Data for processing below:

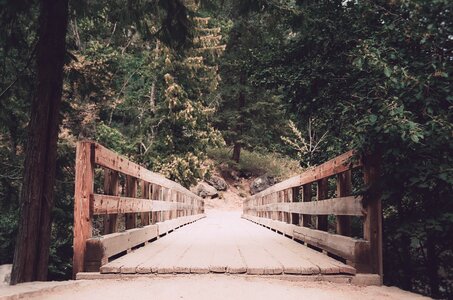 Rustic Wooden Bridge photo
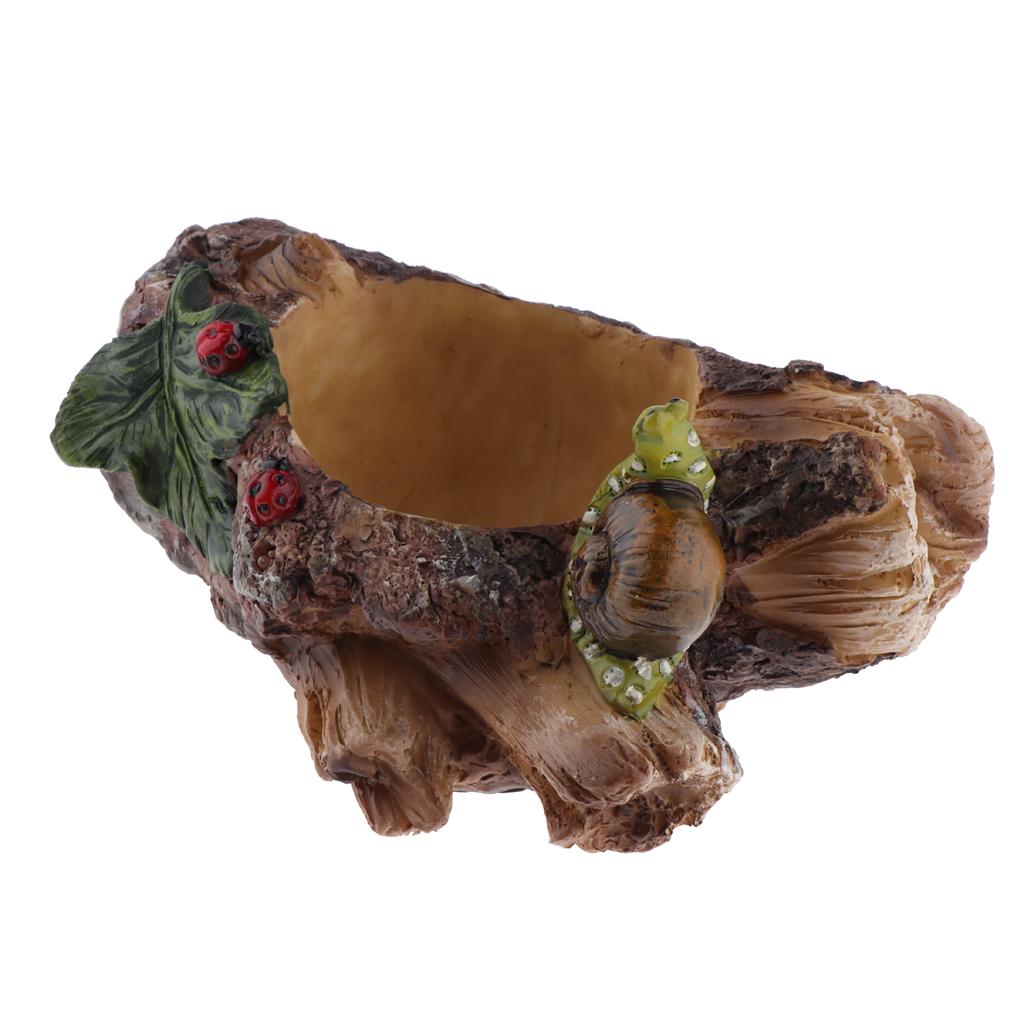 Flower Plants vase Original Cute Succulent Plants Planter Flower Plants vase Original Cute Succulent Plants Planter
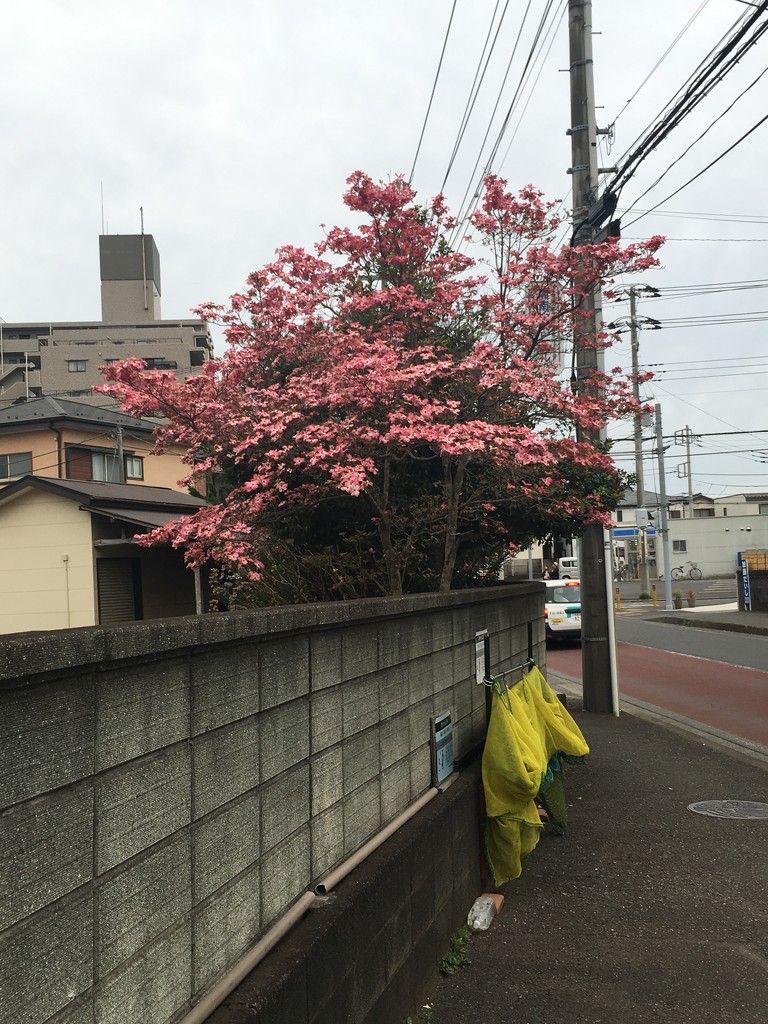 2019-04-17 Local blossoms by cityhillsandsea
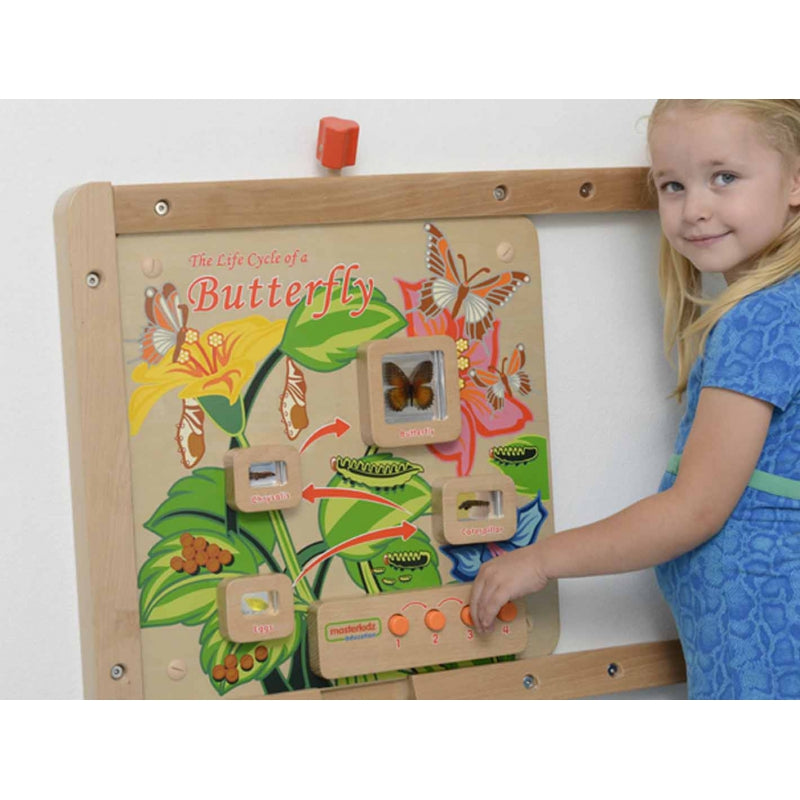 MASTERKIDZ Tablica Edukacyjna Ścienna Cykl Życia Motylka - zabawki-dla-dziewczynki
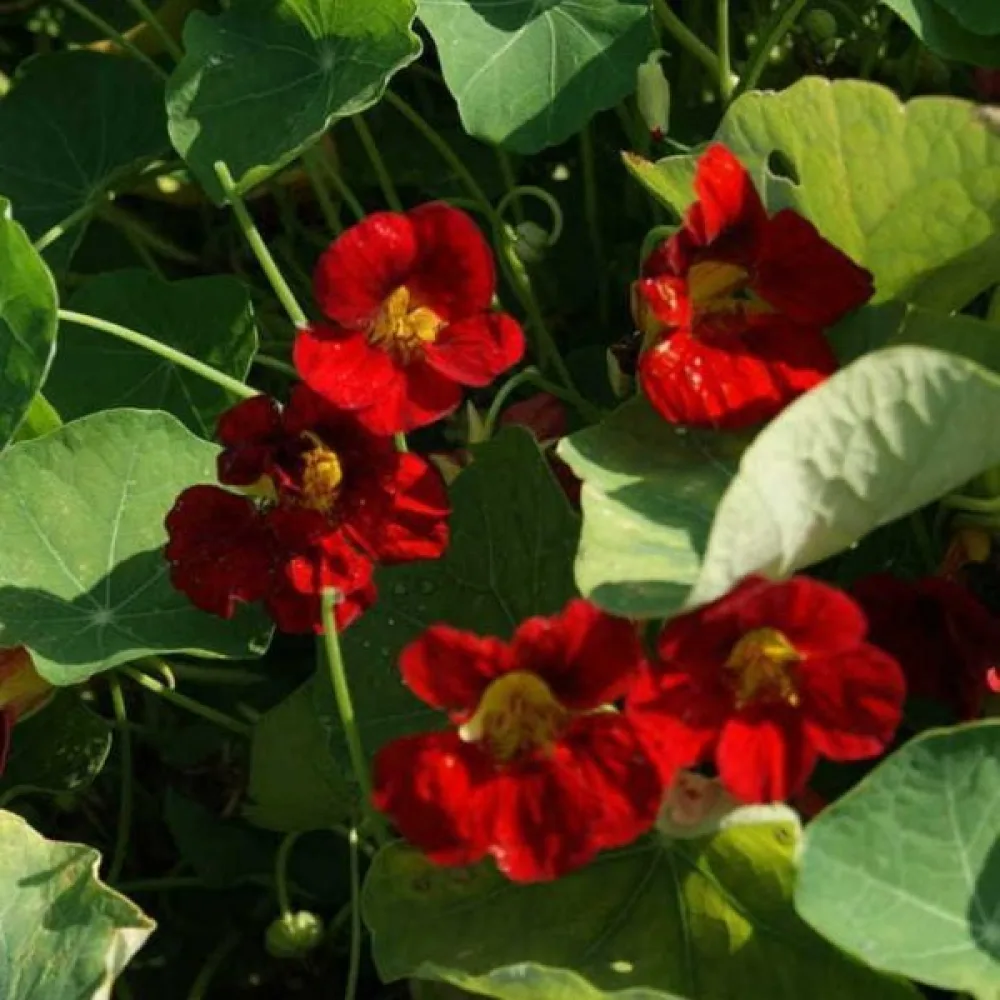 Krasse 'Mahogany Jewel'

End of Data for processing.

Directions: The required output is each line above restated verbatim, with all images omitted.

Exercise answer:
 Rustic Wooden Bridge photo
 Flower Plants vase Original Cute Succulent Plants Planter Flower Plants vase Original Cute Succulent Plants Planter
 2019-04-17 Local blossoms by cityhillsandsea
 MASTERKIDZ Tablica Edukacyjna Ścienna Cykl Życia Motylka - zabawki-dla-dziewczynki
 Krasse 'Mahogany Jewel'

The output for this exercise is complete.